▶ _BRIEF_
Within the records below, reproduce without change the lines from the line that has "Pero ngayon may" through the line that has "Male hummingbirds perform", and only those.

▶ _DATA EXTRACT_

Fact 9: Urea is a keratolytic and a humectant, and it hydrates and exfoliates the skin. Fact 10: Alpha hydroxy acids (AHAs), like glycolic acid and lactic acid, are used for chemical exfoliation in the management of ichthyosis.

---

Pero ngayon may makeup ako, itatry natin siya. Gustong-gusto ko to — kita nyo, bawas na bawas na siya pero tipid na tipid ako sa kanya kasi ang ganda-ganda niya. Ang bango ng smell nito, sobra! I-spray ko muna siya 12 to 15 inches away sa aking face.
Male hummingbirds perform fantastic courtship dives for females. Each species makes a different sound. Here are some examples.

▶ _WRITTEN RESPONSE_
Pero ngayon may makeup ako, itatry natin siya. Gustong-gusto ko to — kita nyo, bawas na bawas na siya pero tipid na tipid ako sa kanya kasi ang ganda-ganda niya. Ang bango ng smell nito, sobra! I-spray ko muna siya 12 to 15 inches away sa aking face.
Male hummingbirds perform fantastic courtship dives for females. Each species makes a different sound. Here are some examples.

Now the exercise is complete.